Figure 1 shows the schematic diagram of PB synthesization. The pinecone was washed by distilled water and then it was placed into the oven for 24 h at 105 °C. Then, the dried sample was crushed into powders. After that the pinecone powders were pyrolyzed at 650 °C for 2.5 h in a tube furnace with the protective gas (a nitrogen with the purity of 99.99%) at the flow rate of 60 ml/min. The as-prepared sample was PB.

Figure 1
figure1

Schematic diagram of PB synthesization.

Synthesis of PA/PB

Figure 2 shows the schematic diagram of PA/PB synthesization. The PA/PB was prepared using vacuum impregnation method. Firstly, PA was dissolved into 10 ml absolute ethanol in the conical bottle. Secondly, PB was put into the conical bottle. Then the blend was agitated with 500 rpm at ambient temperature under a vacuum atmosphere. After 1 h, the conical bottle was moved to the water-bath for 4 h at 75 °C under normal atmosphere. In the following, the composite was put in the oven at 40 °C overnight. Finally, the composite was regarded as a shape-stabilized composite if there was no leakage of melting PA from the mixture. In this study, the PA and PB were weighted with different mass ratios of 3:7, 4:6, 5:5, 6:4 and 6.5:3.5, and the corresponding composites were designated as PA/PB-1, PA/PB-2, PA/PB-3, PA/PB-4 and PA/PB-5.

Figure 2
figure2

Schematic diagram of PA/PB synthesization.

Characterization

The leakage test of the pure PA and PA/PB composites were carried out by putting them into an oven for 15 minutes at 75 °C and then they were observed whether there was any leakage of melted PA from the testing samples. The pore volume, pore diameter and surface area of the PB were measured by Brunauer-Emmett-Tellera (BET, Nova 2000e). The morphological images of PB and PA/PB composites were obtained by using the Scanning Electron Microscope (SEM, Quanta FEG 250). The crystalloid phase of the PA and the PA/PB composites were measured by the X-ray diffractometer (XRD, DX2700). The fourier transform infrared patterns of the PA and the PA/PB composites were obtained by the fourier transform infrared spectroscopy (FT-IR, Bruker, VECTOR22). The thermal stability and weight loss were measured on a thermogravimetric analysis (TGA, NETZSCH, STA449F3), and the testing temperature was from 50 °C to 500 °C with heating rate of 10 °C/min under protective gas of high-purity nitrogen (purity of 99.99%). The latent heat and phase change temperature of PA and PA/PB composites were investigated by using a differential scanning calorimetry (DSC, NETZSCH, 200-F3), and the heating and cooling rates were 10 °C/min with the temperature range between 0 to 100 °C under the protective gas of high-purity nitrogen (purity of 99.99%). The thermal conductivity of the PA and PA/PB composites were tested by the thermal conductivity meter (Foreda, CTPS-2500).

Results and Discussion

Leakage test of PA/PB

The leakage test results of the pure PA and PA/PB composites are shown in Fig. 3, and it was clear that the pure PA melted at 75 °C (Fig. 3a) and no leakage were observed for PA/PB-1 (Fig. 3b), PA/PB-2 (Fig. 3c), PA/PB-3 (Fig. 3d) and PA/PB-4 (Fig. 3e) composites, while the PA/PB-5 composite (Fig. 3f) had a spot of leakage at 75 °C. Hence, the PA/PB-4 composite was used as the main research object in the following experiments for the study of thermal properties of form-stable phase change material.

Figure 3
figure3

Leakage test of (a) PA, (b) PA/PB-1, (c) PA/PB-2, (d) PA/PB-3, (e) PA/PB-4 and (f) PA/PB-5.

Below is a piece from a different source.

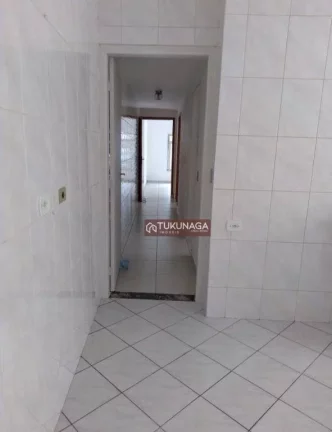 Imagem Casa com 1 dormitório à venda, 84 m² por R$ 610.000,00 - Vila Galvão - Guarulhos/SP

Characterization of PB and PA/PB-4

Figure 4 presents the SEM photographs of the PB and PA/PB-4 composite. It was known from Fig. 4(a,b) that PB possessed porous structures, and its pores were open to surface which could adsorb the phase change material. Figure 4(c,d) illustrate the SEM photographs of PA/PB-4 composite. In the images, it could be seen that PA was well adsorbed and filled in the PB. In Fig. 5, it could be found that there were three palpable peaks at 2.3 nm, 3.2 nm and 4.0 nm and the average pore diameter was 3.078 nm, which suggested that the PB was mesoporous biochar. The pore volume and surface area of PB were 0.17cc/g and 289.69 m2/g. Additionally, the structural characteristic parameters of biochars prepared from different plants are shown in Table 1. The results indicated that the PB prepared in this study was competitive, and the large pore volume and high specific surface area of PB were beneficial for the PA/PB composite to preventing the leakage of melted PA in the phase change process.

Figure 4
figure4

SEM images of (a,b) PB and (c,d) PA/PB-4.

Figure 5
figure5

Pore size distribution curve of the PB.

Table 1 The structural parameter of different biochars.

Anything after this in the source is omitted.